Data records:
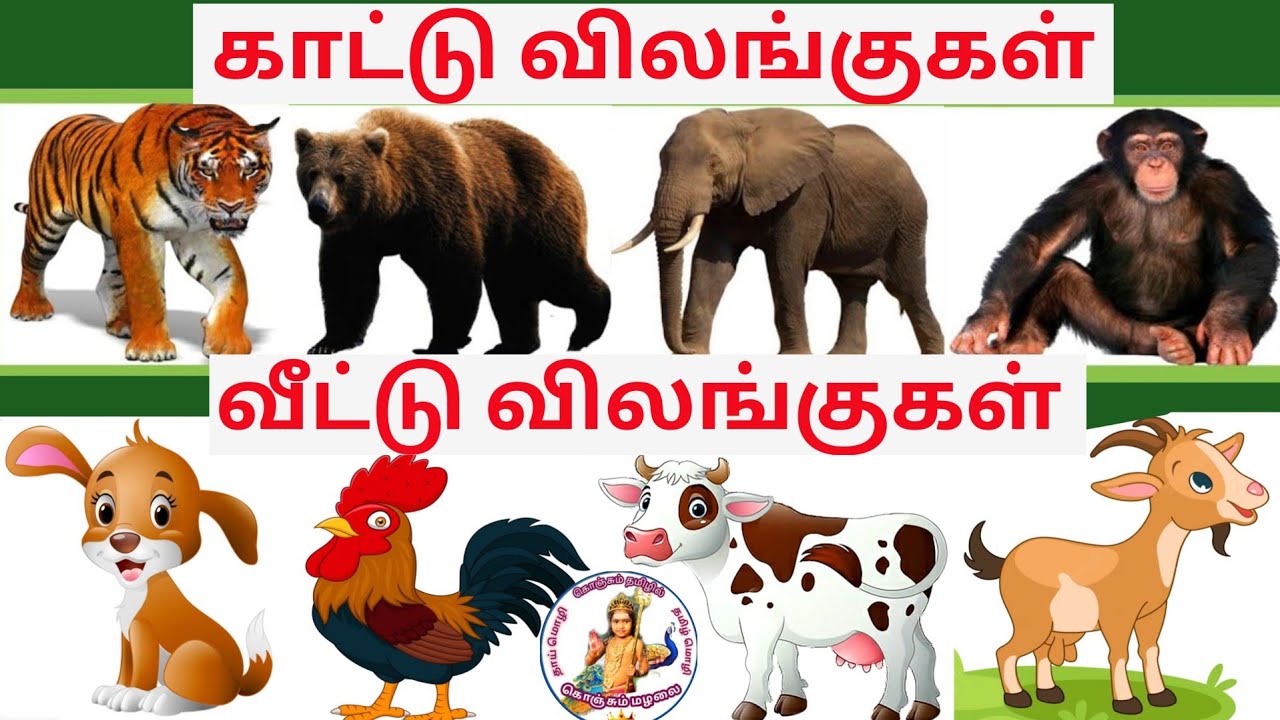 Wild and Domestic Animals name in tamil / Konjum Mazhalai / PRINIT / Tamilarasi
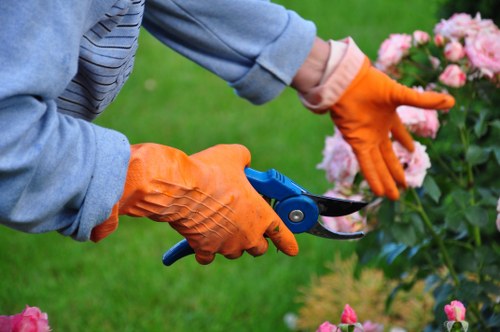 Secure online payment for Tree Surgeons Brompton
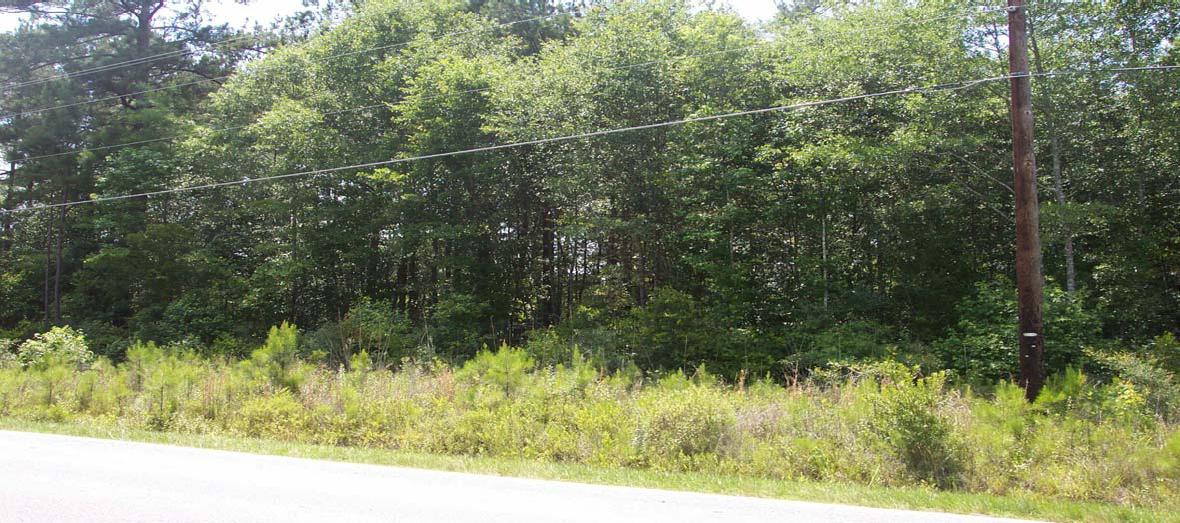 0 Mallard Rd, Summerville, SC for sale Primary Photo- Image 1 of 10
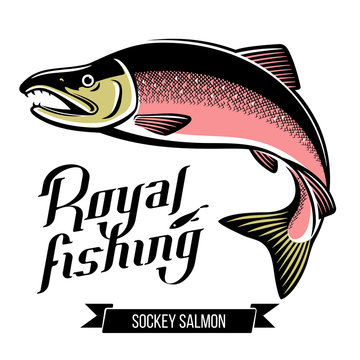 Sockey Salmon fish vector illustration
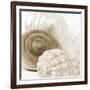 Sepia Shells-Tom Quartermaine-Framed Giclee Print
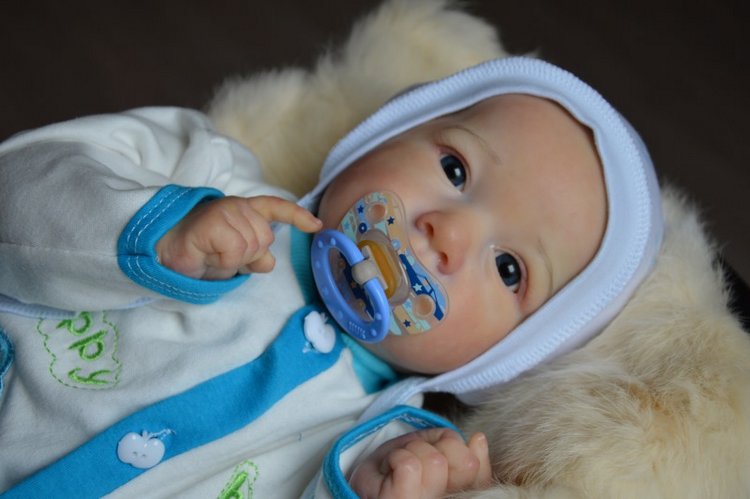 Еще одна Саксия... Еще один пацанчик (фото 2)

• Task details: Return the records verbatim, minus pictures.

• Answer to the exercise:
 Wild and Domestic Animals name in tamil / Konjum Mazhalai / PRINIT / Tamilarasi
 Secure online payment for Tree Surgeons Brompton
 0 Mallard Rd, Summerville, SC for sale Primary Photo- Image 1 of 10
 Sockey Salmon fish vector illustration
 Sepia Shells-Tom Quartermaine-Framed Giclee Print
 Еще одна Саксия... Еще один пацанчик (фото 2)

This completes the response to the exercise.